____ DATA TO EXAMINE
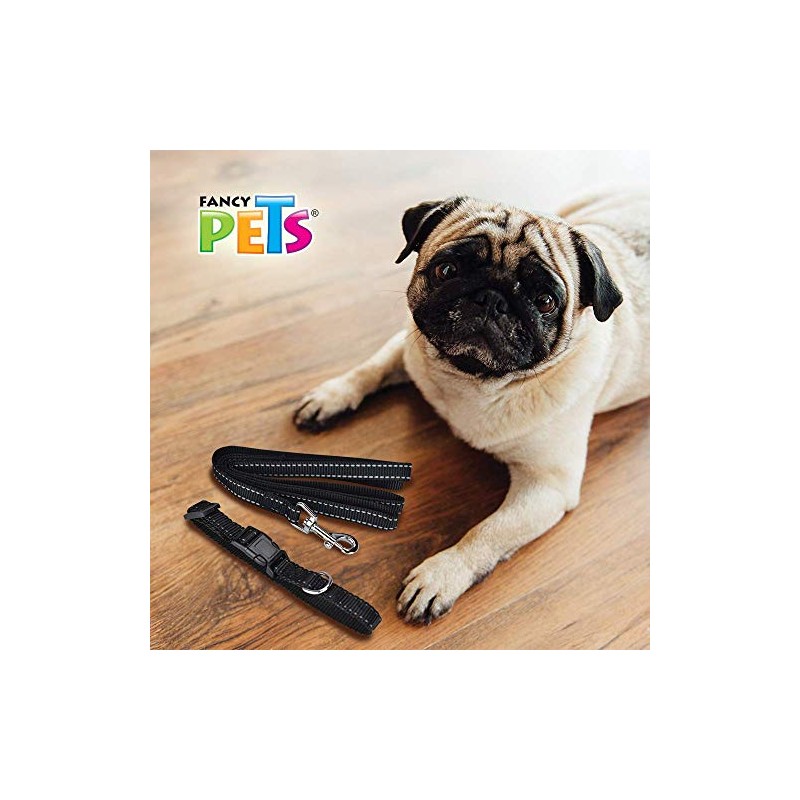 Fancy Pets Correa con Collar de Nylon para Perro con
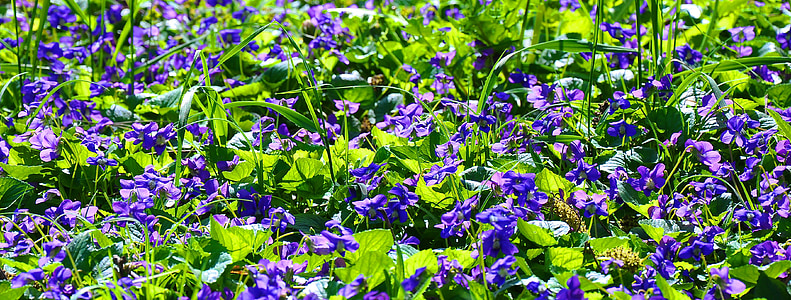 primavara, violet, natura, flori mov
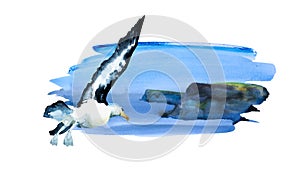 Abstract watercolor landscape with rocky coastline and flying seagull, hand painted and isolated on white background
________
____ DATA TO EXAMINE
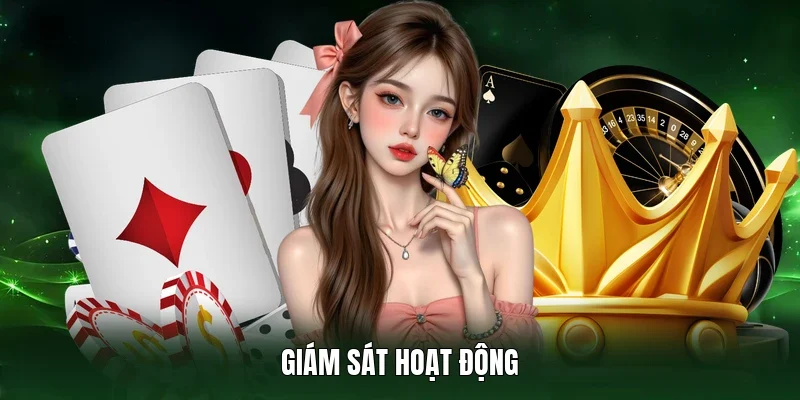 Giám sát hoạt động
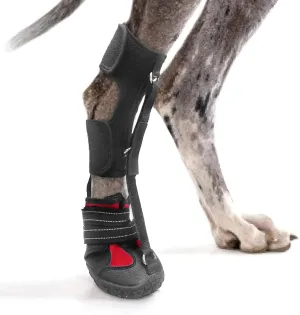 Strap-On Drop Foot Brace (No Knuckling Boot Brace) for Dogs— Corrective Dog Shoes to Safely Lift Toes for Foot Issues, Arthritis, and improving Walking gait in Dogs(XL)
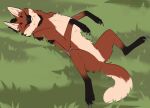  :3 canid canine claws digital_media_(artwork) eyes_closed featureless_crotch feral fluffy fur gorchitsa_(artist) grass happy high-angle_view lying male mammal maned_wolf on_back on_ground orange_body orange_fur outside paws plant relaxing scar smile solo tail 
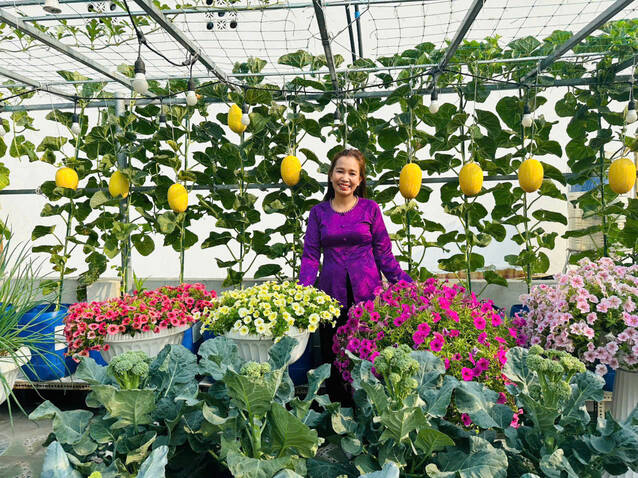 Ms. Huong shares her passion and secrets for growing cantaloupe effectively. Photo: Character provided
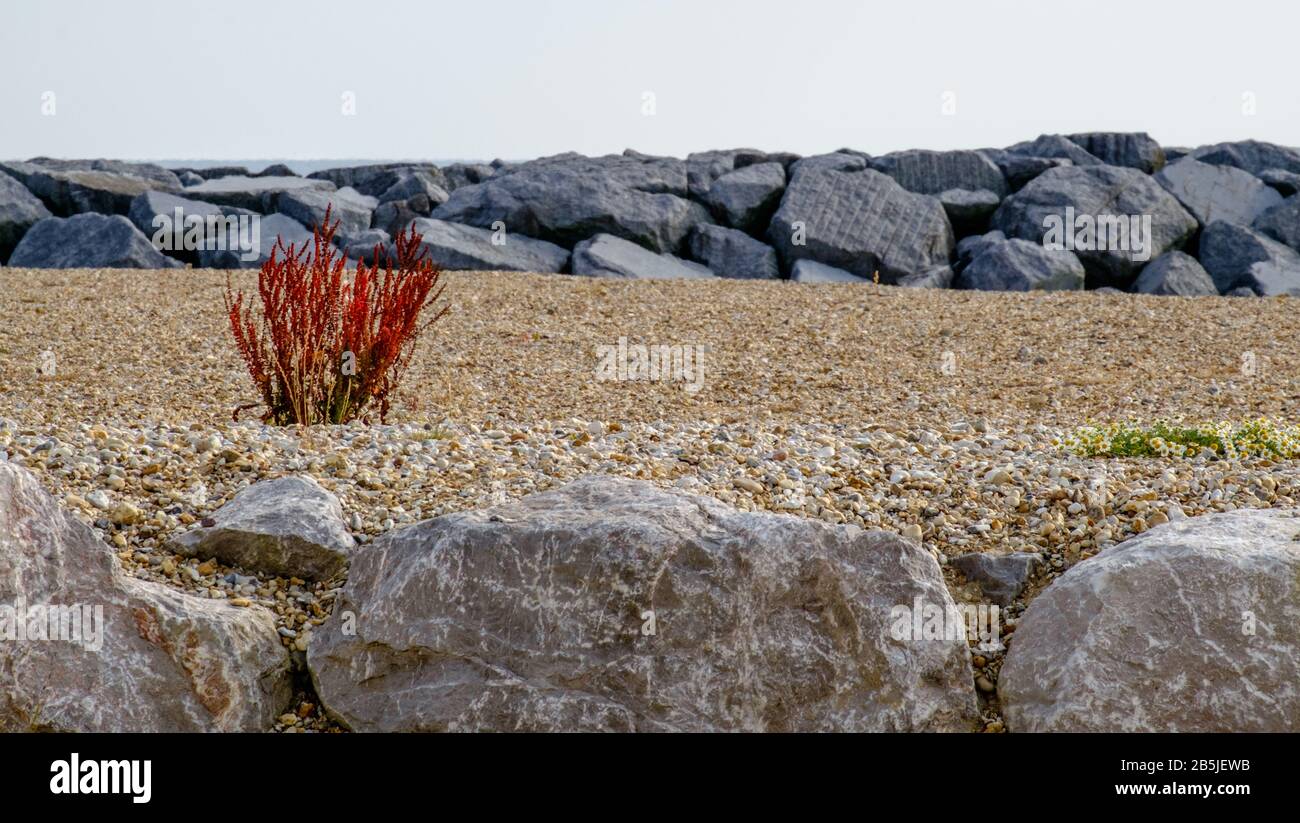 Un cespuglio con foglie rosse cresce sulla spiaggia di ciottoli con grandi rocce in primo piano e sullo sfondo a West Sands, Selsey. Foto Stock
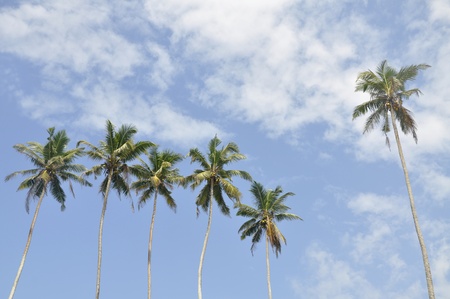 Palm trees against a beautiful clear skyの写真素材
________
ACTION ITEM
Return only the part above that opens with the line containing "Fancy Pets Correa" and closes with the line containing "Abstract watercolor landscape", exactly and with both ends, skipping the pictures.

SOLUTION
 Fancy Pets Correa con Collar de Nylon para Perro con
 primavara, violet, natura, flori mov
 Abstract watercolor landscape with rocky coastline and flying seagull, hand painted and isolated on white background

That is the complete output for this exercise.